The Origin of Human Language
No-one knows for sure just how old human language is, i.e. the capacity of evolving humans to use a spoken language to communicate. It is presumed that it developed in stages, and not just all at once. Humans are basically a social, co-operative species of primate and language serves to increase the success of co-operation. As humans spread out of Africa (according to the most up to date theories about human evolution), the number of languages would have gradually changed and increased in overall number.
Linguistic Diversity comes from Geographic Isolation
Geographic isolation is the main factor in language creation. The island with the most diverse languages is the island of New Guinea, which is divided into modern-day Papua New Guinea to the east and Irian Jaya, a contested part of Indonesia to the west. There are over 800 separate languages recorded in Papua New Guinea alone and probably a similar number in Irian Jaya. That’s nearly a quarter of the world total of 7,000 languages! The major reasons for this incredible number of languages are that historically, the human communities in New Guinea have been separated from each other by huge geographical barriers: jagged mountain ranges, impenetrable forests, volcanic islands surrounded by treacherous seas and vast, fast-flowing rivers.
The Most Spoken Languages
Most of the 7,000 languages currently spoken are spoken by only relatively small numbers of people, but on the other hand, some languages are spoken by huge numbers of people. , The most spoken language is Chinese, which has around a billion people who speak it as a native language. This is followed by Spanish, most of whose speakers live in Central and South America and the Caribbean. The third most commonly spoken language is English. Other languages with large numbers of speakers include Arabic, Hindi, Indonesian, French, Portuguese and Russian.

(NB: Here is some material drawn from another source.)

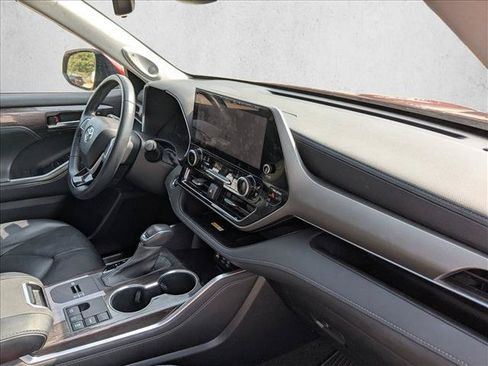 Used 2023 Toyota Highlander Limited FWD image 18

Some languages aren’t real languages at all, or at least they have been created by people at one time or another for a particular reason. Esperanto was created in the nineteenth century, hopefully, to be used as an international language that wasn’t tied too much to any individual country’s national language. In fact, it is much more like a Latin language and despite the fact that there are still people who speak it, it never caught on.
Other rather more esoteric ‘languages’ are imaginary languages like Elvish, spoken by the fictional Elves of J.R.R. Tolkien in the lord of the Rings trilogy. Amazingly, there are over 200 of these imaginary languages that have been created.
Perhaps much more useful are official sign languages. These are used by most countries to communicate with the deaf. In fact, in some countries, sign language might be the only other ‘official’ language apart from the main national language spoken by most.
Words that Sound Like the Sounds Of Nature – Onomatopoeia
Many words have been taken from sounds in nature. These may be totally inanimate like the sound of the wind or waves or trains chugging over the tracks. They may be sounds made by animals and birds. Strangely enough, onomatopoeia, which is the name for this origin of human language, is not entirely uniform. For example, the sound of the crow is ‘go-geh-go-go’ in Chinese, but ‘co-co-ro-co’ in Catalan, ‘kikeriki’ in German and ‘cockle-doodle-doo’ in English! In Bengal, India, where cows are sacred to Hindus at least, they make a noise which in Bengali is rendered ‘hamba, hamba.’ In English, the very same cows go ‘mooooo!’
Letters and Characters
The spoken language was converted into a script when human societies first developed irrigation and organised agriculture. Hebrew, Sanskrit, Basque and Sumerian were some of the first languages to be written down. There are many ways to write down all those 7,000 languages. Some like Chinese, Korean and Japanese use characters. Others use the Latinised alphabet like English, German and Indonesian. There is the Cyrillic alphabet used by Russian and Bulgarian. Then there is a myriad of other languages that are mutually unintelligible and use their own scripts like Hindi, Thai and Arabic.
Some languages have never been written down before very recently and their alphabet has almost been invented by others who have learned their language, often to promote the Bible. Of the languages that use the Latin alphabet, English gets along just fine with 26 letters, while Rotokas, a Papua New Guinean language only uses 11. Khmer, the official language of Cambodia, uses an incredible 74.
Just to show that these scripts are limited in comparison, consider Chinese, which can boast 50,000 different characters. This might seem far too many if you are only learning Chinese for the first time, but apparently, only 2,000 characters are ever used most of the time, which cuts down your learning time considerably!